PALABRA POR PALABRA. Pemiados


Rafael Chirbes (JESÚS CÍSCAR. EL PAÍS)
Los primeros días de octubre han devuelto a la actualidad literaria a dos escritores que admiro y que son directamente responsables de mi afición por la literatura, de mi empeño en escribir: Antonio Muñoz Molina y Rafael Chirbes. El primero ha recibido el Premio Liber al autor hispanoamericano más destacado, y Chirbes es el nuevo Premio Nacional de Narrativa por su última novela, En la orilla. Con Los títulos de sus obras, podría unir los puntos de mi propia biografía a lo largo de los últimos veintidós años. He vivido la aparición de cada uno de sus libros como un acontecimiento extraordinario y, por supuesto, en su momento recorrí cuantas librerías hizo falta para encontrar los que habían publicado antes de que yo los conociese, con apenas veinte años.
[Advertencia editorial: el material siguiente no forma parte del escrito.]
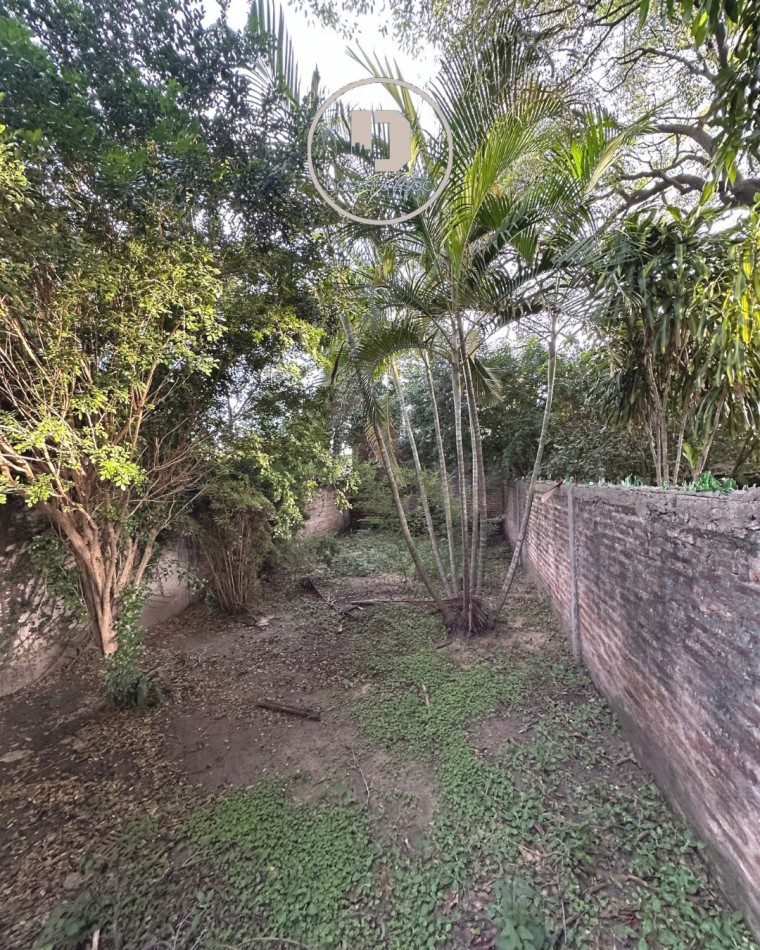 CASA EN VENTA EN CALLE ARTURO ILLIA 1850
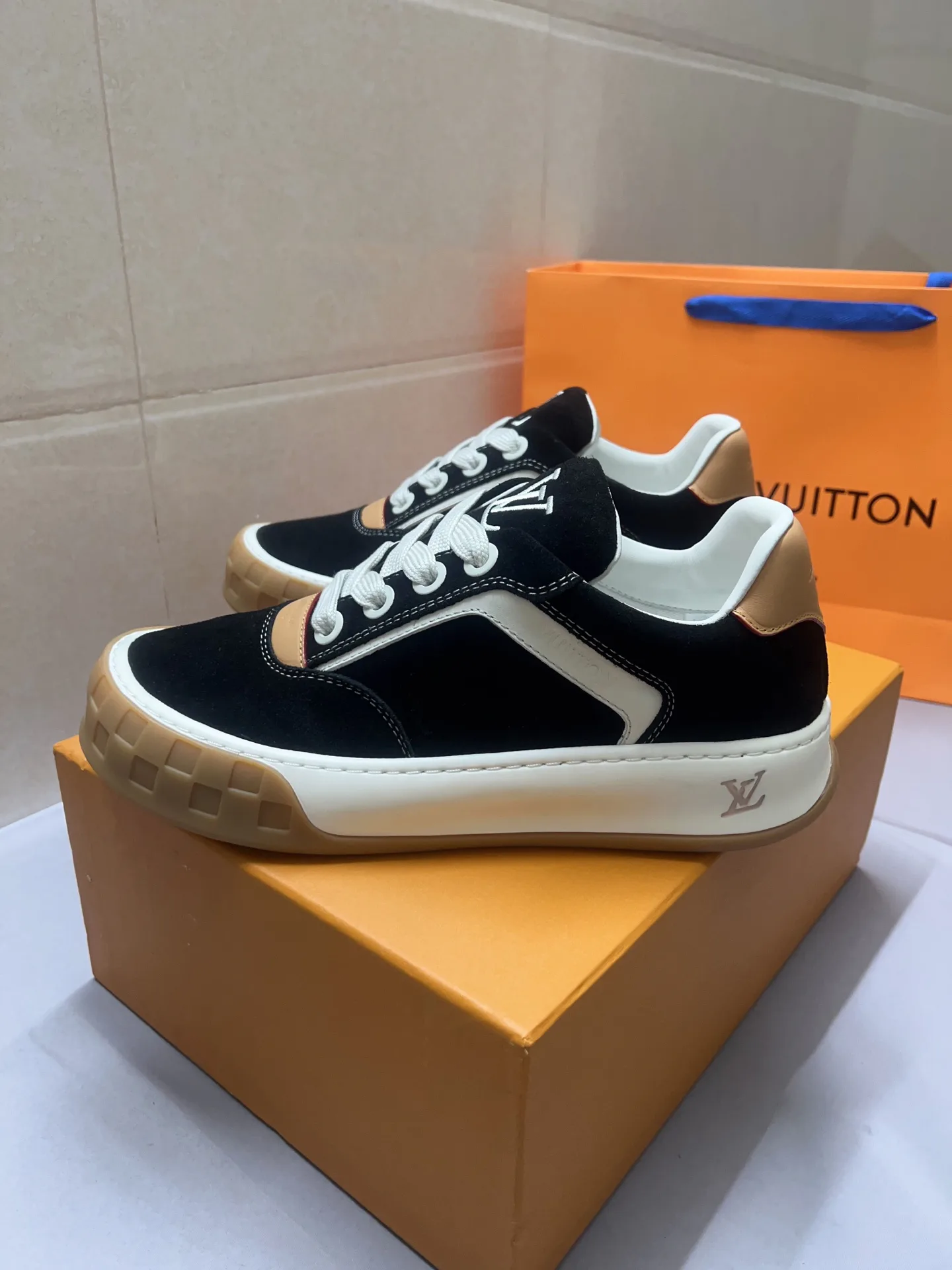 Кеды Женские Louis Vuitton 1054451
Supongo que lo mismo le ocurrirá a muchos de sus lectores, esta alegría sincera por el reconocimiento público de su inmenso talento. Aunque ambos son ahora escritores valorados y conocidos en justicia, no siempre ha sido así. En un país en que se lee tan poco, para que un escritor alcance cierto nombre se precisa, además de una buena dosis de suerte, tener cierto perfil mediático, a veces una familia bien posicionada, los amigos precisos, pertenecer a ciertos círculos intelectuales, haber nacido, o caído, dentro; ser de los de dentro. Pero Muñoz Molina y Chirbes siempre han sido de los de fuera y, en cierto modo, su personalidad, en algún caso, y sus convicciones, en otros, a menudo les han impedido traspasar plenamente esa barrera. Fuera se sienten más a gusto.
Antonio Muñoz Molina
Hace ya muchos años, en un congreso de escritores que se celebró en Segovia, mi, por aquel entonces, profesor de literatura en la universidad, Gonzalo Santonja, charlaba en un salón de actos abarrotado con el conocido escritor Francisco Umbral. En cierto momento, Santonja le preguntó a Umbral su opinión sobre un joven escritor que ya despuntaba, gracias, entre otras cosas, a haber ganado el Premio Planeta con El jinete polaco. Para mi sorpresa, y desconcierto, el gran Umbral dijo que Antonio Muñoz Molina le parecía un escritor mediocre, y, acto seguido, le pidió al profesor que terminaran con aquella conversación porque le iba a estallar la vejiga, lo que provocó un estruendo de risas entre el público. A mí no me hizo ninguna gracia, y Umbral se granjeó entonces un desafecto (literario, entiéndase) que todavía perdura.